La sortie russe du traité interdisant les essais nucléaires
Le 2 novembre dernier, le président russe Vladimir Poutine a signé la loi sur la révocation de la ratification du Traité d’interdiction des essais nucléaires (TICEN).
Le Traité d’interdiction complète des essais nucléaires a été ouvert à la signature en 1996, mais il n’est jamais entré en vigueur car il n’a pas été ratifié – étape nécessaire pour son entrée en vigueur – par un nombre suffisant d’États, parmi les 44 pays qui détenaient des installations nucléaires au moment de sa création. Début octobre, Vladimir Poutine avait annoncé que son pays pourrait révoquer la ratification du TICEN en réponse aux États-Unis qui ne l’ont jamais ratifié. "Je ne suis pas prêt à dire si nous devons ou pas reprendre les essais", avait-il ajouté, tout en vantant le développement de nouveaux missiles surpuissants pouvant transporter des ogives nucléaires.
Pour Alain De Neve, cette sortie n’est pas surprenante : "Je dirais que la démarcation de la Russie par rapport à ce traité est symbolique.

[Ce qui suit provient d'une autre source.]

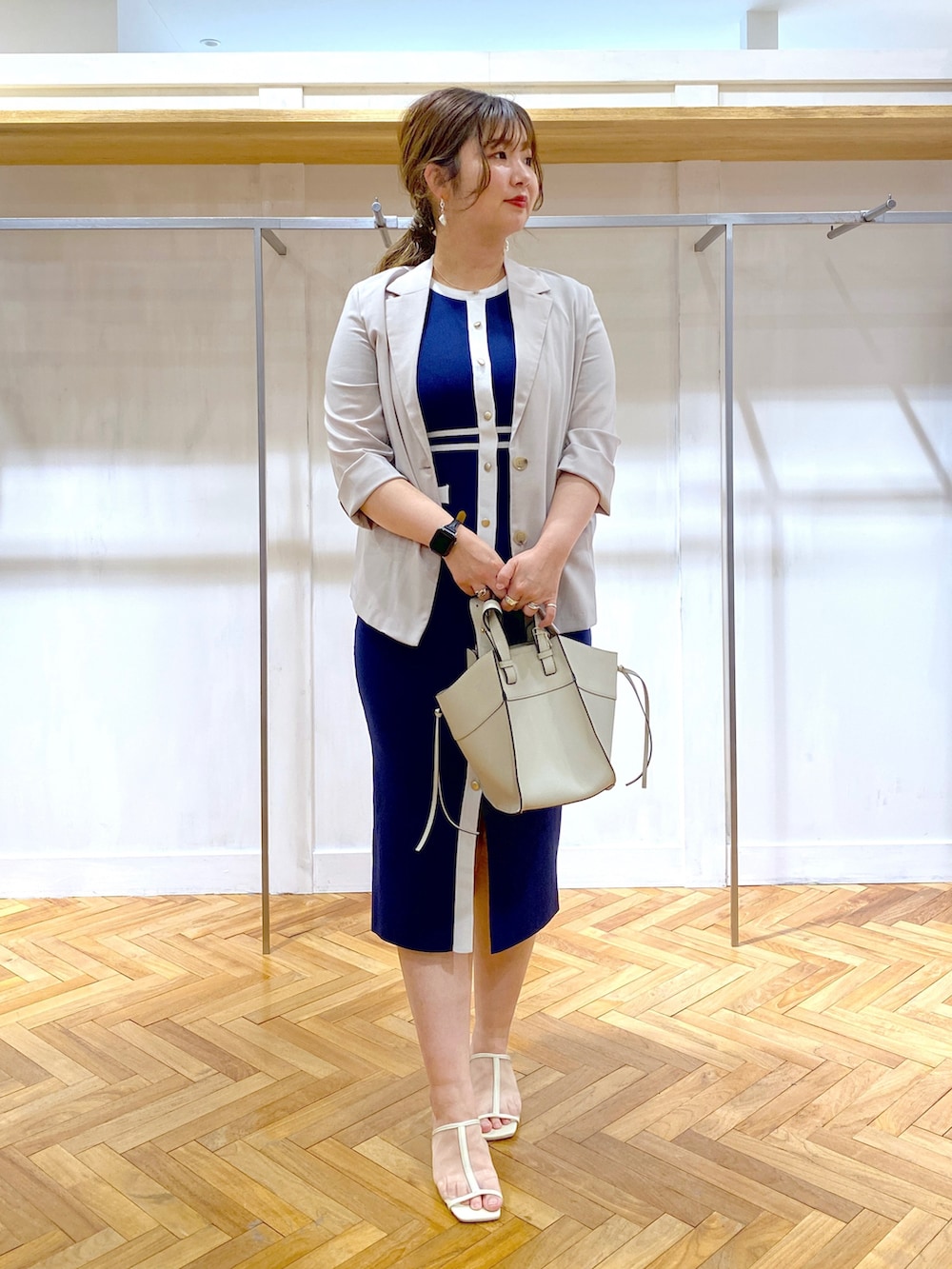 ブルー系のワンピース、グレー系のテーラードジャケット、グレー系のショルダーバッグを着用したレディースの春コーディネートの2枚目の写真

Cela fait plusieurs années que la perspective de la ratification du traité était suspendue. Donc ici, en fait, la Douma et le président Poutine ont simplement confirmé que ce que tout le monde savait, la Russie n’entendait pas inscrire cette interdiction dans un cadre juridique contraignant."
La doctrine nucléaire russe ne prévoit pas l’utilisation préventive de l’arme nucléaire, mais seulement en réponse à une attaque ou en cas de menace sur l’existence même de l’État : "La Russie s’interdit politiquement, pour autant que les autres Etats nucléaires en fassent de même, de procéder à des essais nucléaires autres que ceux qui reposent sur la simulation informatique. L’arme nucléaire stratégique reste donc, pour la Russie, une arme de non-emploi, c’est-à-dire qui sert uniquement la dissuasion", ajoute Alain De Neve.
Nous sommes entrés dans une ère où le droit international est très affaibli en la matière et quasi presque inexistant.
"Un droit international qui tend à disparaître depuis la guerre froide"
Ce retrait de la Russie de la ratification du traité n’est donc pas surprenant mais intervient, selon le chercheur, dans un contexte international particulier et qui ne concerne pas que la Russie : "Depuis la Seconde Guerre mondiale mais également depuis la guerre froide vous avez un délitement continu de tous les traités. Tout ce qui concerne les mesures de confiance et de sécurité, les échanges d’observateurs, de vérification, de notification, tout ça est tombé. Nous sommes entrés, très clairement, dans une ère où le droit international est très affaibli en la matière et quasi presque inexistant. Et où finalement vient se substituer un système uniquement basé ou principalement basé sur l’équilibre des forces. Et pour ce qu’il s’agit des puissances nucléaires, sur l’équilibre des forces nucléaires."
En février dernier, la Russie avait aussi suspendu sa participation au traité de désarmement nucléaire New Start conclu avec les Etats-Unis en 2010, le dernier accord bilatéral liant Russes et Américains.